The call for an inquiry was made in Federal Parliament this week by Senator Stirling Griff of the Centre Alliance Party during a Matter of Public Importance debate in the Senate.

Senator Griff said more urgency was required and called for a wide-ranging parliamentary inquiry and greater investment in raising public awareness about drinking during pregnancy.

FARE Chief Executive Michael Thorn says extraordinary work has been done during the past decade to respond to this complex, preventable disability, but paltry levels of funding are impeding efforts to prevent new FASD cases.

“Since a House of Representatives inquiry into FASD in 2012, further evidence about the prevalence of FASD shows the mounting scale of this problem in Australia,” Mr Thorn said.

“For example, in a recent study conducted by the CRE, more than one third of juveniles in detention in Western Australia (36 per cent) were diagnosed with FASD,” he said.

Louise Gray says children and adults with FASD are also at risk of issues like school suspension, expulsion or truancy; may experience problems getting jobs and finding housing, and are at heightened risk of using alcohol and other drugs.

“Providing support services for these lifelong difficulties is spread across the health, education, child protection and  criminal justice systems, and is estimated to cost $1.8 billion every year,” Ms Gray said.

The group says a parliamentary inquiry should address the prevalence of FASD, gaps in diagnostic services and support for people and their carers, especially the persistent problems people with FASD are having accessing the National Disability Insurance Scheme.

The groups also support calls for a National Awareness Campaign.

“Raising awareness of FASD is important, with the National Drug Strategy Household Survey 2016 finding one in four pregnant women in Australia continue to drink alcohol after knowledge of their pregnancy,” Ms Gray said.

“This results in approximately 75,000 alcohol-exposed pregnancies annually. Women have a right to know and want to know if something may harm their baby before birth,” she said.

Studies by leading researchers in Australia, including paediatrician and CRE Director Professor Elizabeth Elliott, found that 60 per cent of women drink at any time in pregnancy and 40 per cent are unaware that alcohol could harm the fetus.

“Australia has among the highest rates of prenatal alcohol exposure in the world, even though national guidelines advise women not to consume alcohol when planning a pregnancy and during pregnancy and breastfeeding,” Professor Elliott said

“Our FASD clinic has a large number of children awaiting assessment, yet few clinicians have the skills and confidence to identify and diagnose FASD and more training and capacity is required,” she said. 
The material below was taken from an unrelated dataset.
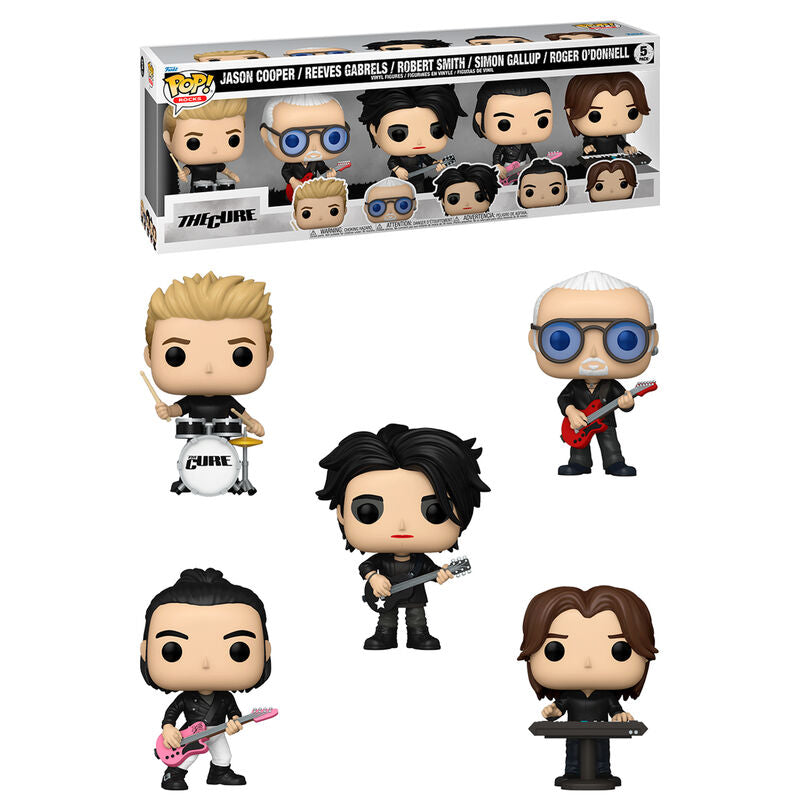 POP pack 5 figurer The Cure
The Australian Medical Association (AMA) has previously emphasised the need for increased awareness of FASD – both among clinicians and the general community – and how this relates to appropriate treatment and support.

The AMA’s 2016 FASD Position Statement reports that, despite the advantages of timely diagnosis and early intervention, “many people with FASD are not identified until relatively late in life, or not at all”.

A National FASD Strategic Action Plan 2018-2028 was launched in November 2018 with attached funding of just $7 million and only $1.47 million allocated to prevention initiatives.

“There has never been an awareness campaign to prevent FASD at the national level, but this would be the most effective vehicle for preventing this epidemic from continuing,” Mr Thorn said.